SUPPLIED INFORMATION:
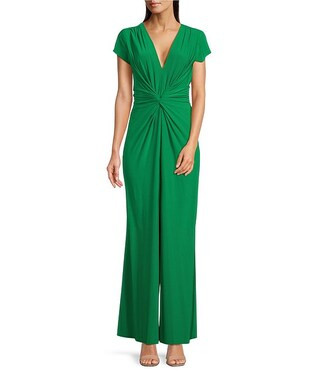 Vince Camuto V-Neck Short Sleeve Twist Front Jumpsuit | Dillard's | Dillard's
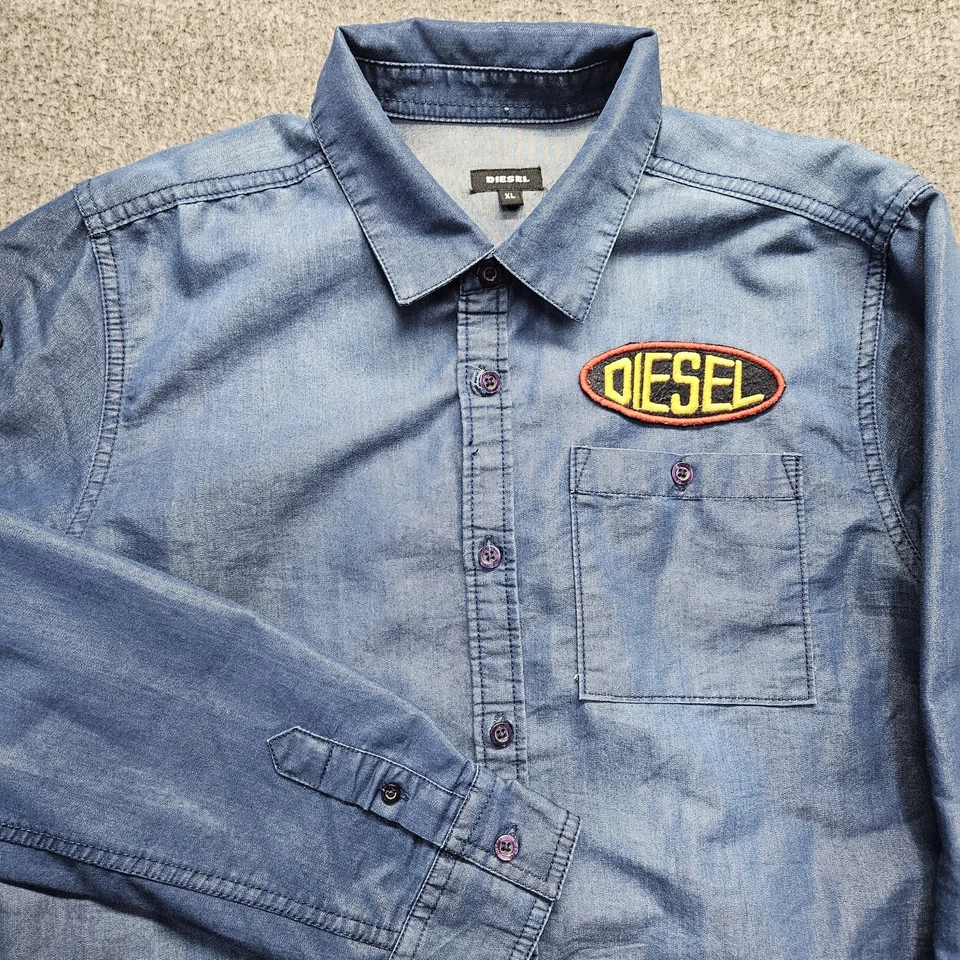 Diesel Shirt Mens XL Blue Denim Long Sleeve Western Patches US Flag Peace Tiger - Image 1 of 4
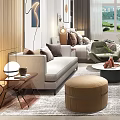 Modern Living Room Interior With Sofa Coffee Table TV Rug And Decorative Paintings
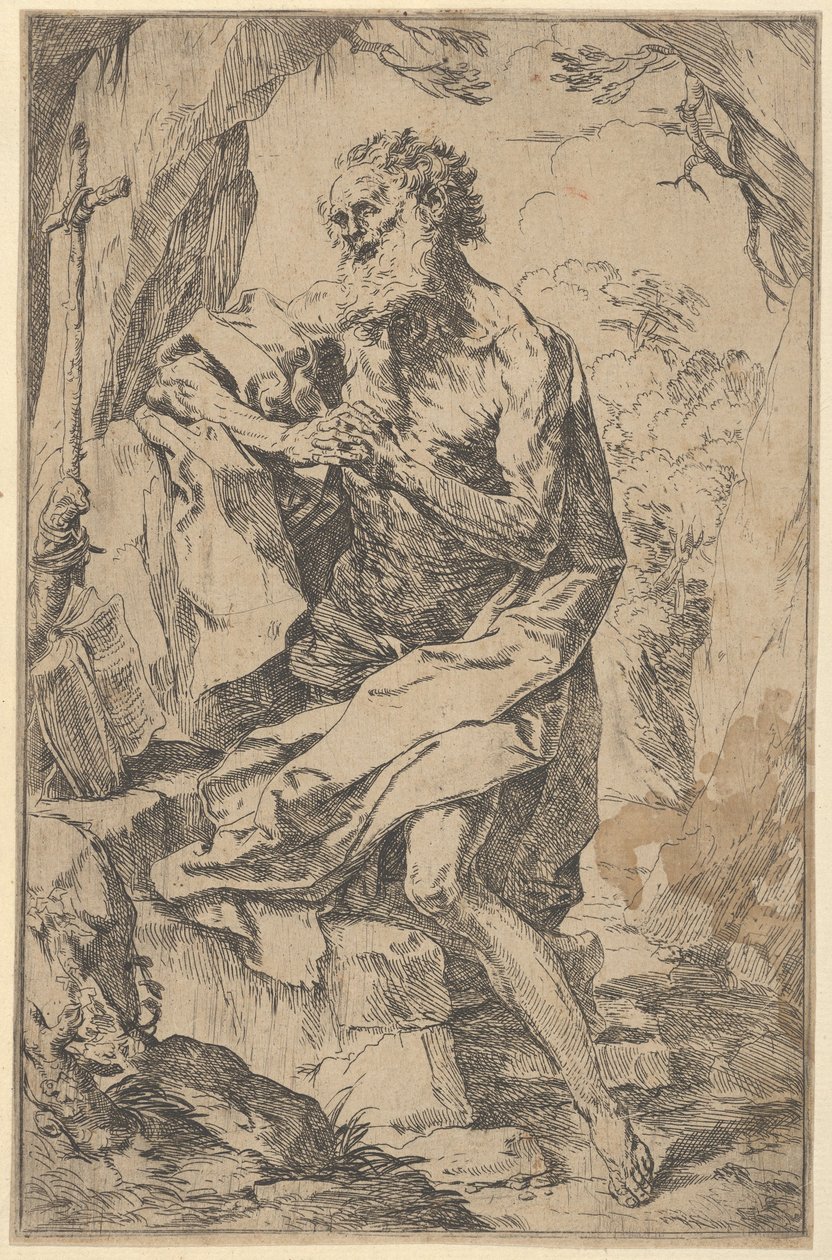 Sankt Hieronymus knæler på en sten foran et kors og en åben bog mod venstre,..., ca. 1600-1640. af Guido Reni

EXERCISE DETAILS: Nothing but the lines from the one containing "Diesel Shirt Mens" through the last line of the data should appear in the answer, copied exactly, with pictures excluded.

EXERCISE SOLUTION:
 Diesel Shirt Mens XL Blue Denim Long Sleeve Western Patches US Flag Peace Tiger - Image 1 of 4
 Modern Living Room Interior With Sofa Coffee Table TV Rug And Decorative Paintings
 Sankt Hieronymus knæler på en sten foran et kors og en åben bog mod venstre,..., ca. 1600-1640. af Guido Reni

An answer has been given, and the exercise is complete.